On stage, St. Vincent is a tight machine. Everyone – the drummer, keyboardist, and second guitar player – all move in sync, shuffling around stage like they’re in conveyor belts, making motions like a robotic mannequin and cranking out harsh electric rock. In 2015, St. Vincent’s music has dropped the horn sections and bass player; there’s lots of keyboards, a propulsive beat and Clark’s guitar pyrotechnics.
Older material – “Actor Out of Work,” “Marrow,” and “Cheerleader,” among others, have a slickly electronic feel, but also feel more powerful than the album versions. In part because of all the electronics, sure, but St. Vincent’s guitar is the highlight here: she rips up and down the fretboard, a combination of pedals and gimmicks making her guitar sound like almost anything but a guitar and her solos as exciting as any in rock these days.
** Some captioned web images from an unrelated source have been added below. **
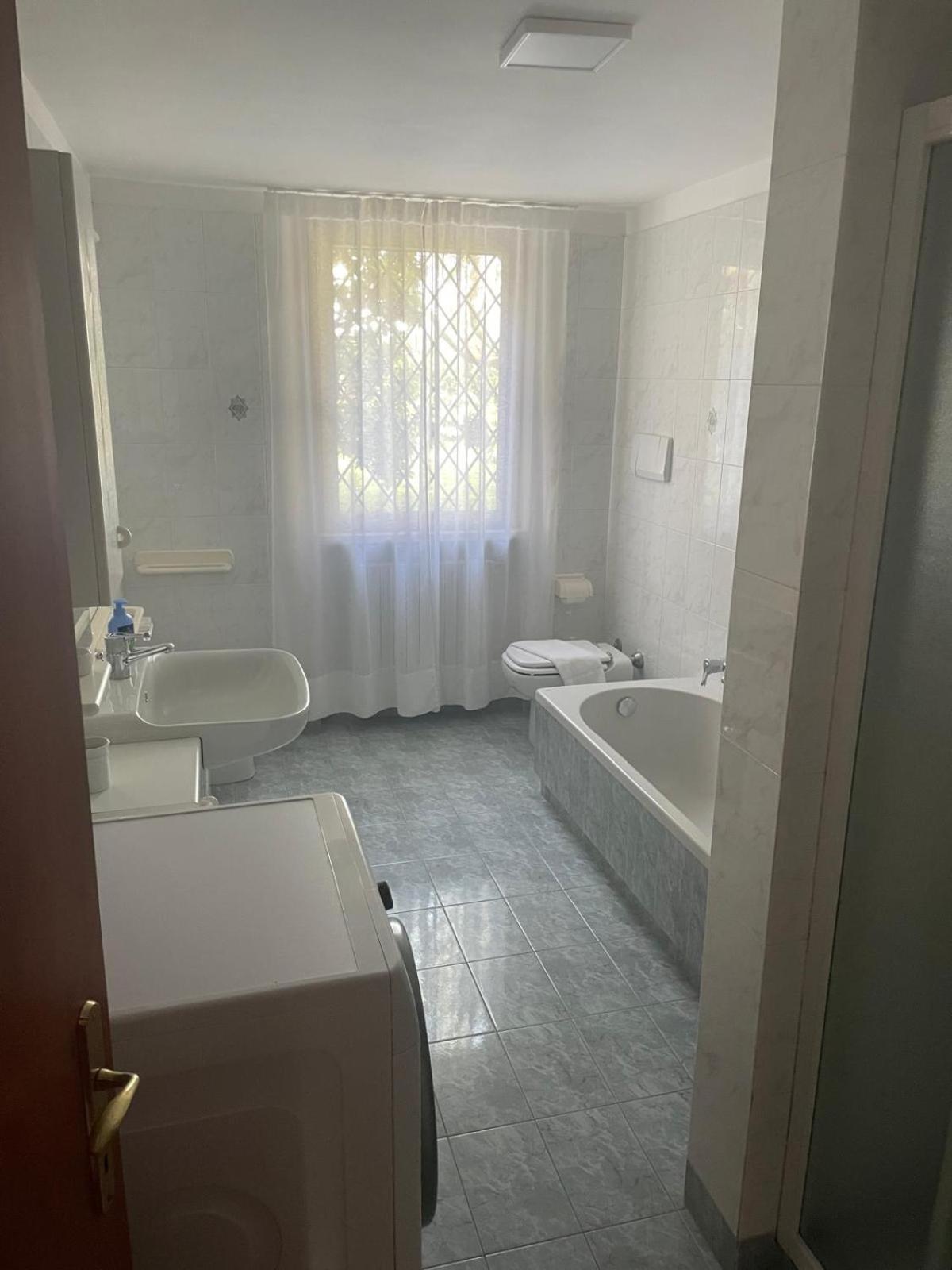 Villa Elena Appartamento In Villa Montinelle Екстериор снимка
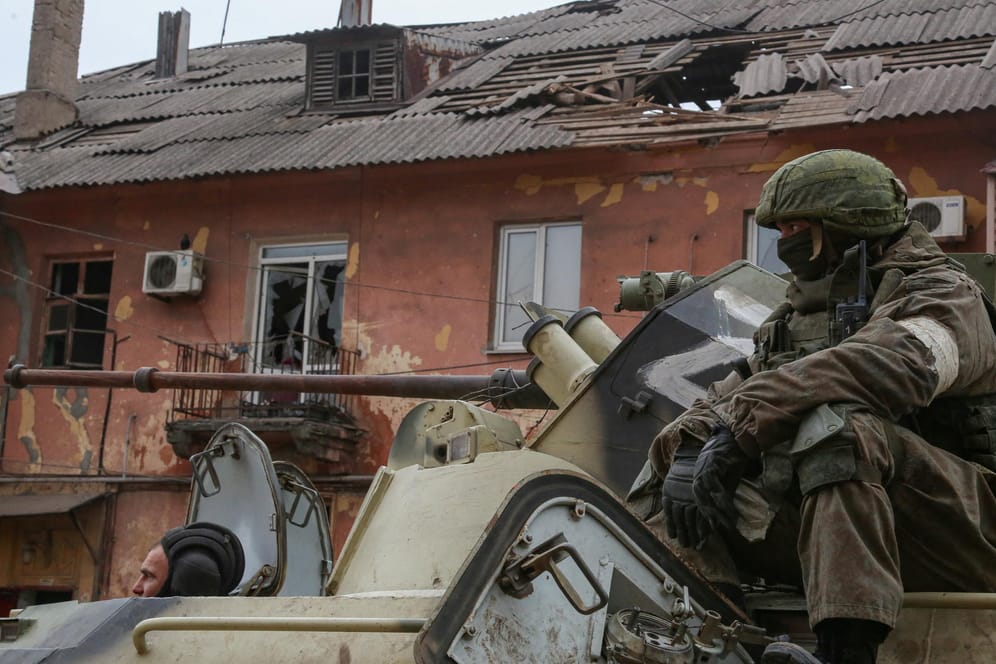 Prorussische Streitkräfte in Mariupol: Die russischen Truppen ziehen den Belagerungsring um die Stadt immer enger.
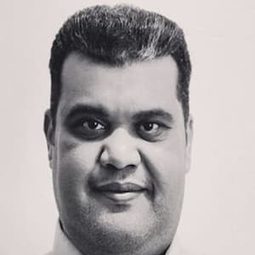 Ahmed Fathi 飾演 مختار العمري - سائق القطار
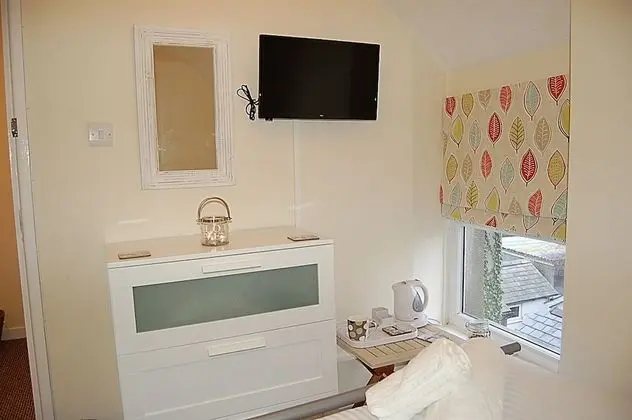 Standard Tek Kişilik Oda, Ortak Banyo (Room Four)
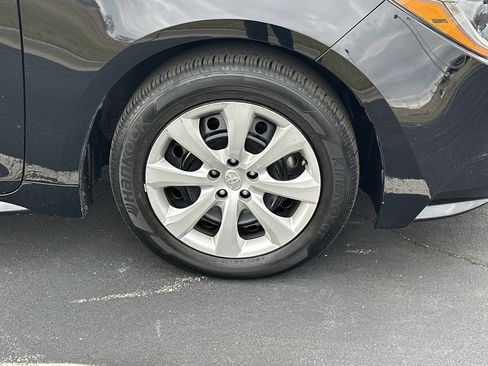 Used 2024 Toyota Corolla LE image 13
I think my favourite effect came when she was playing a green Fender: she’d shuffle to the front of the stage, just rip at the frets for a couple of seconds and shuffle back, turning around, away from the audience; a second later, her guitar part would erupt out of the PA, sounding like some weird analogue keyboard. It was a great mix of delay pedal and choreography and especially showmanship.
If the rehearsed part of the show was interesting, the most exciting stuff came when that fell through.
Maybe I should explain: I saw her during a hot summer afternoon. Not a cloud in the sky, so the sun was beating down on us and her. It’s hot as shit, she says, adding she’s glad to see we’re wearing “protective hats and SPF.” But it is on stage too, and something goes wrong with a keyboard: a tech and the musician start working on something off in one corner. So, St. Vincent takes over, saying she hasn’t played the next song in a while and hopes she remembers all the words; it’s a cover of the Beatles tune “Dig A Pony,” played without a backing band.
There’s a lot of effort and spectacle put into St. Vincent’s stage show these days and it works to great effect, but seeing her playing her guitar unaccompanied was a treat. Without a band crashing behind her, there’s a lot more room for her playing to maneuver. It’s easier to hear the nuances in her playing, the way she bends notes and slides up and down the neck, her finger picking bringing the notes in tight clusters. Pick up any of her records and it’s easy to tell she’s a great guitarist but in a setting like this, under those circumstances, it seems fair to say she’s one of the best in the biz. I mean it!
After a moment or two, everything was fixed and the band came back; a few songs later, they wrapped up with “Krokodil,” one of her most frantic, driving and energetic songs. Maybe she does it at every show, maybe she wanted to raise the stakes after what happened earlier. But as the band pounded on, she gave it a performance, staggering and rolling around, jumping down from the stage and running around, high-fiving fans, shouting and yelling in full stride. As the song wrapped up, she launched back onto the stage and collapsed in a heap.
It was exhilarating, all passion and performance and leaving everyone wanting just that much more. But maybe you had to be there. And maybe you were there, staring into your screen, one of the 70 per cent ignoring her warning. And you could’ve missed it in a flash, St. Vincent shouting and engaging with the fans. I’m glad I was there, an analogue witness to an electric performance.